Considering the evidence I’ve become more skeptical as I age. But what kills me is the grief. The chasm of having lost that something I had to live and fight for. Isn’t that what beliefs become? They are among those very, very cherished things a man would go over seas and do battle over!
I see no difference when I dialogue with the strong atheists of today. It seems I get so much more out of a dialogue with a soft atheist or an agnostic than I do with many atheists these days. The atheist today is no different than the Christian or the Muslim. They have their “something” which they cherish and for which they will do battle for and over.
And their case fits right into the material aspect of reality, which is the only tip of the reality-iceburg any human has to work with. Perhaps from our current perspective we are able to perceive 2% or less of the whole of reality. The rest lies hidden below the surface of our perceptual awareness.
Everything we put up in our endeavor to explain reality grows DAILY more problematic, in relation to a reality which is fully material. The theroies and laws of old were more crude and fit very well with a brute definition of reality as being governed by physical laws [Isaac Newton, for example].
These crude laws work very well for most of the reality we humans can currently perceive…they quite accurately describe things on a macro scale. But the more we zoom in and zoom in and zoom in, the more we have to rely on, not falsifiable or provable facets to reality, but abstract representations in the form of mathematical models which declare loud and clear that reality as we experience it is minute in comparison with the whole mass of actual reality which in large part lies below the surface of our perception.

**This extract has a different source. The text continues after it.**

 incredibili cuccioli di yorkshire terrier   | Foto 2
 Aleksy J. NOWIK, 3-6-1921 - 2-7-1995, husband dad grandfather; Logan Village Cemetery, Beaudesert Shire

But when I try and use my imagination to speculate upon this unseen lump of reality we are not privy to falsify or prove…I mustn’t let sneak in any notion of a mind behind it all!!
Academic folks have seen their careers ruined for letting such personal speculations become publically known. Talk about a reduction in “Academic Freedom.”
But, anyway. I just had to respond to what you wrote. It hit a healthy vein within me to see it put like you put it. We are all human, regardless of our ideologies, regardless of our beliefs, whether spot on or vast misconceptions. The greed, the lust, the natural trend toward self interest…none of these things will suddenly vanish. Man will not be cured of his manness, his human condition if collective man leaves the old myths behind and turns only to salute logic and reason.
It is not merely about seeking the truth via logic and reason alone. It is about seeking the other truth. The “truth about me,” if you know what I mean. Is there a Bema Seat for an atheistic generation of humans? Once we shed “religion” finally and most completely, will we have outgrown it due to our superior control over our ability to execute sound moral decisions at all times? Or have we outgrown religion due to the fact that putting “me” or “my character” to the test isn’t at issue when it comes to continuing our species. It is science which may one day cure us of our ills, but it was religion which threatened to cure “the creepy deep of me.”
In closing my comment I will say that about half my atheist friends are amicable, open-minded individuals who don’t badger me when I say things like, “…but what if…” the other half of my atheist friends have taught me to keep my imaginings to myself.
Einstein “believed” that imagination was more important than knowledge. Hmmm, could he have been onto something there?
I’m bookmarking you. I enjoy what you have to say. It is challenging and stimulating…causing me to think on these matters more deeply than I am accustomed.
Sorry so long…you just hit a positive vein and I had to respond.
Very good post. Looking forward to seeing you write more articles about this topic.